聖所を中心として、西に啓蒙所兼玄関、その上階は鐘塔、東に至聖所を配し、全体は十字型の平面となっている。屋根は切妻造や八陵屋根、中央の聖所には緩勾配の方形屋根を二段にかけ、中央部白塗りのドラムの上に緑色の丸天井を重ねている。費用は、白河の信徒を中心に集められ、当時の金額4千円で建設された。平成5年(1993)に福島県指定重要文化財に指定されている。

ハリストス正教は、文久元年(1861)、ロシア人のニコライが函館に渡来し伝えた。ニコライは、明治5年(1872)上京、東京の築地で布教を開始した。また、この白河での布教でも大きな役割を果たした、日本で始めての司祭の沢辺琢磨は坂本竜馬のいとこにあたる。函館で布教を始めたニコライの殺害を企てていたが、その教えに感銘して洗礼を受け、熱心な信者となった。
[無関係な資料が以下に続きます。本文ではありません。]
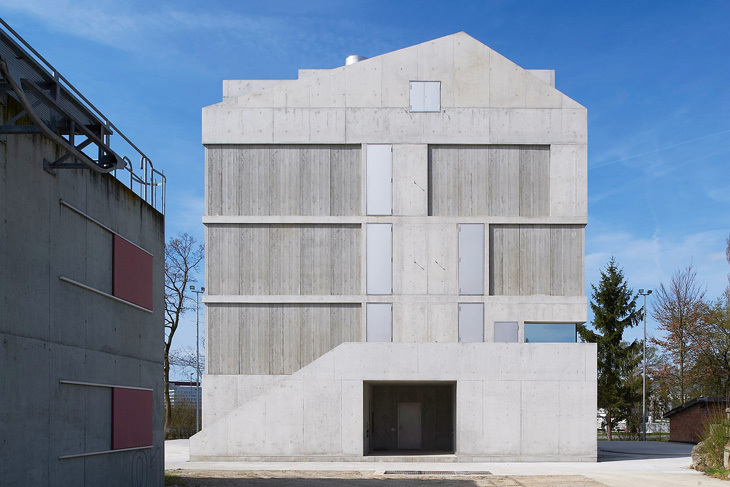 Brandhaus00.jpg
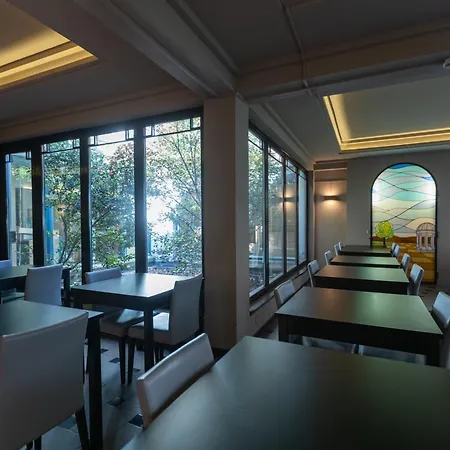 Garibaldi Palace 3* Milánó
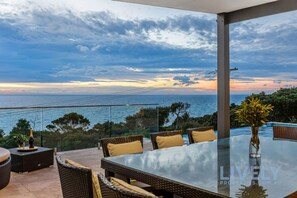 House, Accessible | 5 bedrooms, Internet - The Ocean s Edge Luxury Entertainer With Views (Mount Martha)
明治9年(1876)、武石定伝教者が白河を訪れ宣教が始まり、「発酵会」が発足した。明治11年(1878)には、沢辺琢磨司祭により7名が受洗した。しかし、当時は異国の邪教との見方も多くあり、信徒の永眠者埋葬について裁判になり有罪判決を受けたり、白河の総鎮守鹿島神社例祭に際し、祭費の寄付に応じなかった信徒に対し暴力が振るわれる事件もあった。